Search code examples
htmlexcelvbaselenium-webdriverinternet-explorer

Extract data from an HTML table on a Web page into Excel


I need some help with taking data from website using vba. I have table in excel with etf ticker, link and price and using vba I try to take close price of yesterday from each link but the problem is that I am not sure what to write at this place "HTMLDoc.getElementById("???")". I can't find any ID from that website html code, hope you can help me with that.

website example: https://www.boerse-frankfurt.de/en/etf/amundi-prime-global-ucits-etf-dr-c/price-history/historical-prices-and-volumes

my code:


Sub GetETFPrices()
    Dim IE As New InternetExplorer
    Dim HTMLDoc As HTMLDocument
    Dim ETFLink As String
    Dim ETFPrice As String
    Dim i As Long

    ' Loop through each row in the table
    For i = 2 To ThisWorkbook.Worksheets("Sheet1").Cells(Rows.Count, 1).End(xlUp).row
        ETFLink = ThisWorkbook.Worksheets("Sheet1").Cells(i, 2).Value ' Get link from column 2
        
        ' Opening the link in Internet Explorer
        IE.Navigate ETFLink

        
        Do While IE.Busy
            DoEvents
        Loop

        ' Get the ETF price element from the HTML document
        Set HTMLDoc = IE.document
        Set ETFRow = HTMLDoc.getElementById("???").Rows(HTMLDoc.getElementById("???").Rows.Length - 1)
        ETFPrice = ETFRow.Cells(3).innerText

        ' Updating the price column in Excel sheet
        ThisWorkbook.Worksheets("Sheet1").Cells(i, 3).Value = ETFPrice
    Next i

    IE.Quit
End Sub

Solution

  • If you don't have to use Internet Explorer, I would suggest to use Selenium which is compatible with Chrome (and FireFox).

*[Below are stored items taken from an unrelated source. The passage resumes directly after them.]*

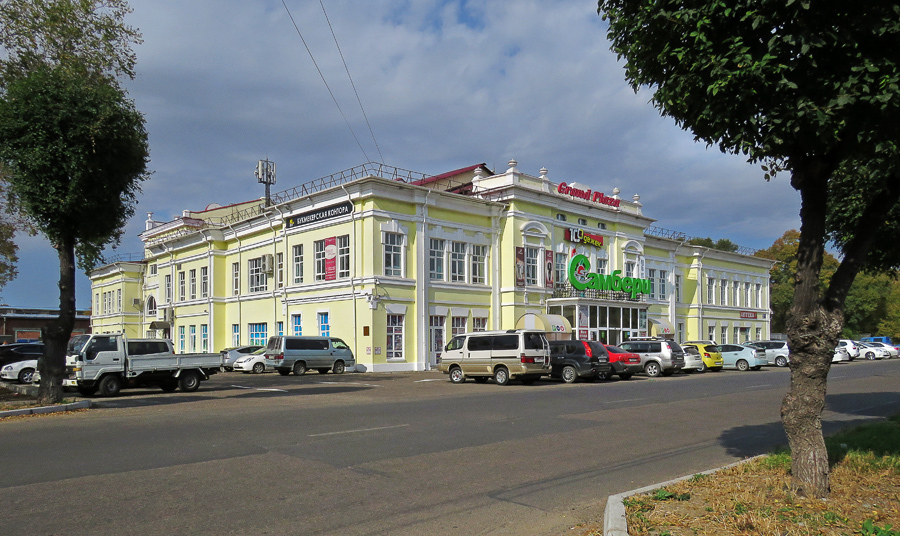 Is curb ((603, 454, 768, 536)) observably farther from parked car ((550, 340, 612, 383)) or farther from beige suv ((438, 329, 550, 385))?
parked car ((550, 340, 612, 383))

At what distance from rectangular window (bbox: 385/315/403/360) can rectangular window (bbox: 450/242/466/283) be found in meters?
4.62

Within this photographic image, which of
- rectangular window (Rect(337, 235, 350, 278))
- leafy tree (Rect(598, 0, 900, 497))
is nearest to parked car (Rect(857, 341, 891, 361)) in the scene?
rectangular window (Rect(337, 235, 350, 278))

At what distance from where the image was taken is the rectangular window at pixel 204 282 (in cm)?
5019

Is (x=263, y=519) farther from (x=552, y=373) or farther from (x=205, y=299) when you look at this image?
(x=205, y=299)

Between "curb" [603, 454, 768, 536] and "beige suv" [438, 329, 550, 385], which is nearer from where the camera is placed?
"curb" [603, 454, 768, 536]

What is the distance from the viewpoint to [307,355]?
1283 inches

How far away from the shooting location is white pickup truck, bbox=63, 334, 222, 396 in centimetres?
2058

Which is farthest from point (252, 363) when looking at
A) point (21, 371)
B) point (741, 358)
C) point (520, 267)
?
point (741, 358)

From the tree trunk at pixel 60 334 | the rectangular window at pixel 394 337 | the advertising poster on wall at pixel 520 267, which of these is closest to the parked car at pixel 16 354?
the tree trunk at pixel 60 334

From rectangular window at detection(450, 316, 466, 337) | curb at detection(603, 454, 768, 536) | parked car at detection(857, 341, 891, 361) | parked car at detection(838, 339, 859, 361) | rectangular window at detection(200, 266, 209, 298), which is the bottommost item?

    Now, looking at the page you linked, this is the case where your data is inside a table and there is no id attribute that will allow you to target a specific cell. Because of that, I would suggest to import the whole table from the page in Excel and then you can more easily navigate to find the data point you are interested in.

    You could use this approach for instance:

    Sub ImportHtmlTable()
    
        'Initialize Selenium
        Dim bot As WebDriver
        Set bot = New WebDriver
        
        bot.Start "chrome", "YourUrl"
        bot.Get "/"
        DoEvents
    
        Dim Tables As WebElements
        Set Tables = bot.FindElementsByTag("table")
    
        Dim wb As Workbook
        Set wb = Workbooks("YourWorkbookName")
        HtmlTablesToRange Tables, wb.Sheets(1).Range("A1")
        
        bot.Close
        Set bot = Nothing
    
    End Sub
    
    'Inspired by code from: https://www.vba-market.com/
    Sub HtmlTablesToRange(Tables As WebElements, Destination As Range)
    
        Destination.CurrentRegion.ClearContents
    
        Dim tb As WebElement
        Dim ths As WebElements 'Headers    (th)
        Dim trs As WebElements 'Rows       (tr)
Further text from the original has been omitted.